Went to look at it, it has some pretty bad algae problems, but that can be scrubbed off, but otherwise it is sound. It has no leaks (it was holding fish when we went to look at it), and the fish are included. Likely I'll just give them to the LFS or sell them or something. 

I couldn't see all of the fish, but what I did see was what I think is a tinfoil barb, a gourami, a cichlid of some sort, and an unidentified striped fish. She told me there was an algae eater in there as well (I'm thinking it's a pleco, but I didn't see it).

Anyways, I was looking at my list, and wondering what I could add. 

4 Upside-down Catfish (Synodontis nigriventris)
1 Angel Catfish (Synodontis angelicus)
1 Striped Catfish (Synodontis flavitaeniatus)
1 Algae Eater (undecided)
1 Ropefish (Erpetoichthys calabaricus)
2 Senegal Bichirs (Polypterus senegalus)
6 Giant Danios (Danio aequipinnatus)
2 Kuhlii Loach (Pangio Kuhlii)
6 Glass Catfish (Kryptopterus bicirrhis)

I think I'll up the schools of glass catfish and giant danios to 8-10 fish, and I'll add one or two more ropefish. The specific species of Syno cats are undecided, it depends mainly on what the fish store has. Other than that though, I have no clue what else I want to add, or what I could add. Any ideas?

I'll get some pictures up later today or tomorrow, when the tank is all set up. It will be planted, though as it stands right now it has no plants, only decorations. I didn't get a good look at the filtration system, so I'll post that up as well.

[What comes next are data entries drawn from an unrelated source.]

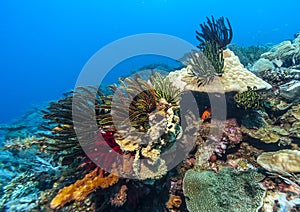 Underwater, Lembeh Strait,Indonesia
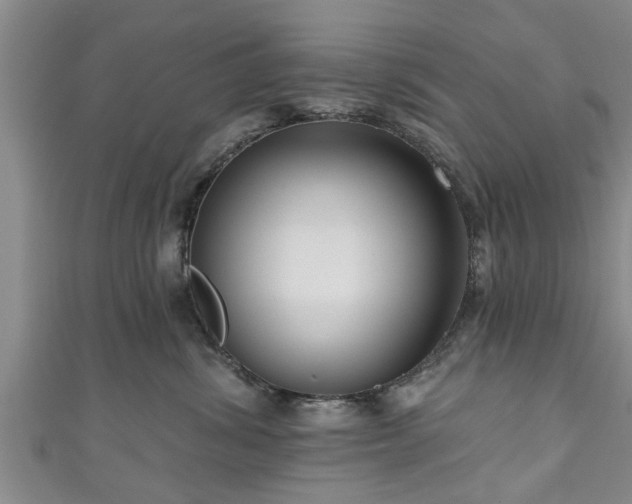 X0000111170428200907081218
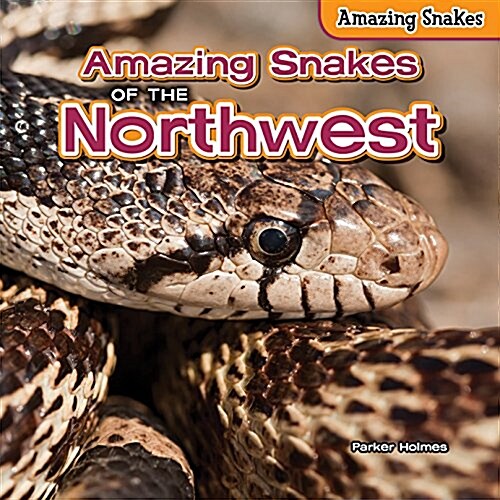 Amazing Snakes of the Northwest (Paperback)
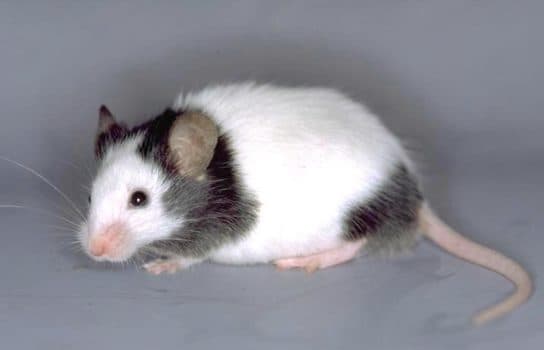 Que mange une souris dans la maison Ce que les souris mangent dans la nature | Que mangent les souris domestiques ?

Anyways, ideas of what to add would be great, I'm even up to suggestions of non-fish species. (inverts, amphibs)[FONT=Kristen ITC, cursive]
[/FONT]


----------



## lohachata (Jan 27, 2006)

that's a pretty awesome deal dragon..you are gonna love it.


----------



## Ghost Knife (Mar 12, 2008)

That's actually a decent mix for a semi-aggressive tank. I wouldn't have put the glass cats in there, but everything else in there is compatible.


----------



## Dragonbeards (Dec 14, 2008)

No glass cats? I was thinking that as I did a little more research on them. Seems they are a bit delicate. So then, the question is, what should I get instead?


----------



## Ghost Knife (Mar 12, 2008)

Dragonbeards said:


> No glass cats? I was thinking that as I did a little more research on them. Seems they are a bit delicate. So then, the question is, what should I get instead?


I would get a school of something and you have a lot of choices for a tank that size. Silver Dollars or any type of barb.


----------



## Dragonbeards (Dec 14, 2008)

OK, thanks. First, I think I'm gonna see if I can't get a better look at the striped fish and identify it. If it turns out to be a schooling fish, I may just get those.


----------



## Ghost Knife (Mar 12, 2008)

Dragonbeards said:


> OK, thanks. First, I think I'm gonna see if I can't get a better look at the striped fish and identify it. If it turns out to be a schooling fish, I may just get those.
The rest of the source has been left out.